Chiropractic, Massage & Acupuncture

  • Chiropractic: Chiropractic has been shown to be helpful in both the acute and chronic patient with back and neck pain.
  • Massage: Massage, in the right hands with proper guidance can be helpful for the patient with chronic back pain. It works best when done in combination with exercise and education.
  • Acupuncture: Acupuncture has long been used as a treatment for pain in Asian culture. In recent times, western medicine has accepted it as a legitimate part of the treatment of pain. Many insurance companies are now accepting acupuncture as a reimbursable form of treatment.
    Acupuncture, one of the main forms of therapy in traditional Chinese medicine (TCM), has been practiced for at least 2,500 years. In acupuncture, certain points on the body associated with energy channels or meridians are stimulated by the insertion of fine needles. Unlike the hollow hypodermic needles used in mainstream medicine to give injections or draw blood, acupuncture needles are solid. The points can be needled between 15 and 90 degrees in range relative to the skin's surface, depending on treatment.

    Acupuncture is thought to restore health by removing energy imbalances and blockages in the body. Practitioners of TCM believe that there is a vital force or energy called qi (pronounced "chee") that flows through the body, and between the skin surface and the internal organs, along channels or pathways called meridians. There are 12 major and 8 minor meridians.

    Qi regulates the spiritual, emotional, mental, and physical harmony of the body by keeping the forces of yin and yang in balance.

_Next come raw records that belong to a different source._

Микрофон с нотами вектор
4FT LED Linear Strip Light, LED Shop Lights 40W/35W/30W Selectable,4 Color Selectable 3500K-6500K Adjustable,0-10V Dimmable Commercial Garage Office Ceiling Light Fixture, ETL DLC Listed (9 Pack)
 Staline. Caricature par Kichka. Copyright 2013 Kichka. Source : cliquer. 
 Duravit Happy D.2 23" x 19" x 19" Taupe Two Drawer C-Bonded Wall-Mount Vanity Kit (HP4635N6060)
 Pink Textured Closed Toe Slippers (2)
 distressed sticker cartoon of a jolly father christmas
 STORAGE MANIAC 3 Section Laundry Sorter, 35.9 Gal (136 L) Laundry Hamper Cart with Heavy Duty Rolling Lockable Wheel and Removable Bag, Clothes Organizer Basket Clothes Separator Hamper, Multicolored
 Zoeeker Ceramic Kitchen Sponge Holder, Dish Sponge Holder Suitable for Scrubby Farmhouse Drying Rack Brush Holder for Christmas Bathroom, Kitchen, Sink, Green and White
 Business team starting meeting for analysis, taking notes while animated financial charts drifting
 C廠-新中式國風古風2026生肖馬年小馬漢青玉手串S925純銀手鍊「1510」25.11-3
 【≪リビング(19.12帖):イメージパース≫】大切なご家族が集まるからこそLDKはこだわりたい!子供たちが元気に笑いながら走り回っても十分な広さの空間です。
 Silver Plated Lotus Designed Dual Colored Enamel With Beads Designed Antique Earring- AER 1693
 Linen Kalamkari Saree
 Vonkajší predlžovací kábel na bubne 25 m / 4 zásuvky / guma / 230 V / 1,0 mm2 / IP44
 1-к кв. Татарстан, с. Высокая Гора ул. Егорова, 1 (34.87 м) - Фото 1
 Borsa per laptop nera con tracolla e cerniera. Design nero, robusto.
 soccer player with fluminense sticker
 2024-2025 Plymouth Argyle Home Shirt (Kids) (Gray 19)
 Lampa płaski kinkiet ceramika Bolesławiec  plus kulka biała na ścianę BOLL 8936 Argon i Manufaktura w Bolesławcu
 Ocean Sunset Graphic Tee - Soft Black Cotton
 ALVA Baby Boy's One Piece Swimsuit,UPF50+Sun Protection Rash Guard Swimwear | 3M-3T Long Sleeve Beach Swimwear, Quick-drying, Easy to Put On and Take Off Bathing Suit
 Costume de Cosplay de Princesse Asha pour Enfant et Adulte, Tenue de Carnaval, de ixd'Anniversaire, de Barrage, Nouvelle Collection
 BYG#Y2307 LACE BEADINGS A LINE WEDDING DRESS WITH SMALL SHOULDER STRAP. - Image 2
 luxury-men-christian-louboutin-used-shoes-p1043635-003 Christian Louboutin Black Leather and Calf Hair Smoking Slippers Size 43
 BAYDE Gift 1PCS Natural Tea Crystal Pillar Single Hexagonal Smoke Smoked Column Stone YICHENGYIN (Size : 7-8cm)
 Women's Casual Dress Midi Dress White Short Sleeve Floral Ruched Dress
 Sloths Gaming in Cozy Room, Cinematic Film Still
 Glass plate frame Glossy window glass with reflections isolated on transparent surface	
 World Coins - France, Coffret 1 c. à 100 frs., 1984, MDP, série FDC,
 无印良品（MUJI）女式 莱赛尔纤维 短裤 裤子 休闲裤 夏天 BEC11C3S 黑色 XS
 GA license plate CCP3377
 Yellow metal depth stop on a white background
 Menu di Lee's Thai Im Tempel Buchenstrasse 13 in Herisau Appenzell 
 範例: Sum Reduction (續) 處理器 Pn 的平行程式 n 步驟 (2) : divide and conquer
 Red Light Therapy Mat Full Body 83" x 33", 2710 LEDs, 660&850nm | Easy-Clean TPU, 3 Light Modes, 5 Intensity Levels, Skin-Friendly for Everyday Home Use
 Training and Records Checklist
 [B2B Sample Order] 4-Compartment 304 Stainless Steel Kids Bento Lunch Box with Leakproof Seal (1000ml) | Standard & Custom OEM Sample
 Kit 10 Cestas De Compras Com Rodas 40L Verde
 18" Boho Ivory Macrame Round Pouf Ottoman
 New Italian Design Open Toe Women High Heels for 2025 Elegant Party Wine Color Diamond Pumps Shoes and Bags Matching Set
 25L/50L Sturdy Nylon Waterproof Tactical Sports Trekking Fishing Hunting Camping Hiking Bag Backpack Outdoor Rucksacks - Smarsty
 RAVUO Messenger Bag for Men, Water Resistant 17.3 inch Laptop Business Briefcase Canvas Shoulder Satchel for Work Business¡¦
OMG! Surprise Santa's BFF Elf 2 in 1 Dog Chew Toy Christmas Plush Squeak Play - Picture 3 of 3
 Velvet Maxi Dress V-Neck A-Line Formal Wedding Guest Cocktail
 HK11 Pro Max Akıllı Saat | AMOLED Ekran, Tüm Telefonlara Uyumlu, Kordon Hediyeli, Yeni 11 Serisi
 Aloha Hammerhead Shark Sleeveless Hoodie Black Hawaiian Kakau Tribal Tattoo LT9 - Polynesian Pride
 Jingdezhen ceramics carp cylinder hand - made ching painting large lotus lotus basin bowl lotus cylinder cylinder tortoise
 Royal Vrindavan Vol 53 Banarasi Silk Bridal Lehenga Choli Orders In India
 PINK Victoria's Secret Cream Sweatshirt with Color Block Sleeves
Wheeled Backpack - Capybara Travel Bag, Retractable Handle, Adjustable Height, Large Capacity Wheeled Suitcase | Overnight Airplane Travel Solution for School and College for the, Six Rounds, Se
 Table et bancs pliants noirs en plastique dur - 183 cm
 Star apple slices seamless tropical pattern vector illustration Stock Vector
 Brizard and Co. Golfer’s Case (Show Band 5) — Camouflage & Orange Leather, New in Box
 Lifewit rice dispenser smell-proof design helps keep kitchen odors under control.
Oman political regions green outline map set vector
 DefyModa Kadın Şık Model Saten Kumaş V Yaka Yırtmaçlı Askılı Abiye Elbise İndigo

Yang is a principle of heat, activity, brightness, outwardness, while yin represents coldness, passivity, darkness, interiority, etc. TCM does not try to eliminate either yin or yang, but to keep them in harmonious balance. Acupuncture may be used to raise or lower the level of yin or yang in a specific part of the body in order to restore the energy balance.
    In Western terms, acupuncture is used most commonly as an adjunctive treatment for the relief of chronic or acute pain. In the United States, acupuncture is most widely used to treat pain associated with musculoskeletal disorders.